Crawled caption data

= = = =

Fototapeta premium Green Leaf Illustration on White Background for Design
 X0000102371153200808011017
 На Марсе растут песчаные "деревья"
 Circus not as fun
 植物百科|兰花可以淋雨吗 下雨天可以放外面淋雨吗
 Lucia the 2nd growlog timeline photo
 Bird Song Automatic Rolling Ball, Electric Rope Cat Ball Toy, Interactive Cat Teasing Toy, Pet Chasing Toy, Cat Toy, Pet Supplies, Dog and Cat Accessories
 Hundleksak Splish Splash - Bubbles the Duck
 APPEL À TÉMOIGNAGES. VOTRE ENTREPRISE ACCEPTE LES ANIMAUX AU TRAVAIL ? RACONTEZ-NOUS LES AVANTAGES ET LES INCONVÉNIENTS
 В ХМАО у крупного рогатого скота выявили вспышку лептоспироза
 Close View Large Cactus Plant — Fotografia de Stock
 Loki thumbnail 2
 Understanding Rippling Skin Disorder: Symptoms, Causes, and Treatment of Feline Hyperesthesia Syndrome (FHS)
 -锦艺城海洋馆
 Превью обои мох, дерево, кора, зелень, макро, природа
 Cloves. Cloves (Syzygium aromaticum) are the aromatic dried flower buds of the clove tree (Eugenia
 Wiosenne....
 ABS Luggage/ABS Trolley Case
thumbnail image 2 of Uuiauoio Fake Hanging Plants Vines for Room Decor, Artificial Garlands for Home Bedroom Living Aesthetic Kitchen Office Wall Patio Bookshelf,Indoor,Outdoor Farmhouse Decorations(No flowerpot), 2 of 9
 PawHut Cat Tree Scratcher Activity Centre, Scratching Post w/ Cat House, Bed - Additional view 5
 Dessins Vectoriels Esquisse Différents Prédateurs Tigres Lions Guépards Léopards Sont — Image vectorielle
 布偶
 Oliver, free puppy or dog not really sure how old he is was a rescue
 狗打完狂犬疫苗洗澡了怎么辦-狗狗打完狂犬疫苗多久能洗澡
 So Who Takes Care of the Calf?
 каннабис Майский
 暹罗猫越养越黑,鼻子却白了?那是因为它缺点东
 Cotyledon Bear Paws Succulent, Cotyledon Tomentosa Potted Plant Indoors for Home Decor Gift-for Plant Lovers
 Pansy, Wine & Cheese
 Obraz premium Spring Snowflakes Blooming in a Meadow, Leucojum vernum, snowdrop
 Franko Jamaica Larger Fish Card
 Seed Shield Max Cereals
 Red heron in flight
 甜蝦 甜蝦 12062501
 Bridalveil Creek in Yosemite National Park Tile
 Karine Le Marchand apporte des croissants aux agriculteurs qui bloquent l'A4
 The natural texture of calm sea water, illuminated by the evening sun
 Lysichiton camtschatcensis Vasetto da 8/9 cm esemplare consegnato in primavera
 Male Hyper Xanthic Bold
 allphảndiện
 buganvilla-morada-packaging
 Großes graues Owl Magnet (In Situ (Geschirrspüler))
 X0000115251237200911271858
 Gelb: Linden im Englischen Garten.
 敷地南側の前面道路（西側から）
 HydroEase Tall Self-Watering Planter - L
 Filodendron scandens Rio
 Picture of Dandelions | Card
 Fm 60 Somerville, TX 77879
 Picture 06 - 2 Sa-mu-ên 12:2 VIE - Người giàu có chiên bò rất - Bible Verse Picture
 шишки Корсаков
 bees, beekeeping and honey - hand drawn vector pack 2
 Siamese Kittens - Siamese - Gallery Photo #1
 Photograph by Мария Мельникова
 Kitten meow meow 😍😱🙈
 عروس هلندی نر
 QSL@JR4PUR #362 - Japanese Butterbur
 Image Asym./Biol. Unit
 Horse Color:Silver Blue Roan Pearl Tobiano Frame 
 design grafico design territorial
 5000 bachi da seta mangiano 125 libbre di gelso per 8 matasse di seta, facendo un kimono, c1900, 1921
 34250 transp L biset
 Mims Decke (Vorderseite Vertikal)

= = = =

**PROBLEM STATEMENT**
Output only the lines from the top of the entries through the one holding "ABS Luggage/ABS Trolley Case", copied exactly.

**PROBLEM SOLUTION**
Fototapeta premium Green Leaf Illustration on White Background for Design
 X0000102371153200808011017
 На Марсе растут песчаные "деревья"
 Circus not as fun
 植物百科|兰花可以淋雨吗 下雨天可以放外面淋雨吗
 Lucia the 2nd growlog timeline photo
 Bird Song Automatic Rolling Ball, Electric Rope Cat Ball Toy, Interactive Cat Teasing Toy, Pet Chasing Toy, Cat Toy, Pet Supplies, Dog and Cat Accessories
 Hundleksak Splish Splash - Bubbles the Duck
 APPEL À TÉMOIGNAGES. VOTRE ENTREPRISE ACCEPTE LES ANIMAUX AU TRAVAIL ? RACONTEZ-NOUS LES AVANTAGES ET LES INCONVÉNIENTS
 В ХМАО у крупного рогатого скота выявили вспышку лептоспироза
 Close View Large Cactus Plant — Fotografia de Stock
 Loki thumbnail 2
 Understanding Rippling Skin Disorder: Symptoms, Causes, and Treatment of Feline Hyperesthesia Syndrome (FHS)
 -锦艺城海洋馆
 Превью обои мох, дерево, кора, зелень, макро, природа
 Cloves. Cloves (Syzygium aromaticum) are the aromatic dried flower buds of the clove tree (Eugenia
 Wiosenne....
 ABS Luggage/ABS Trolley Case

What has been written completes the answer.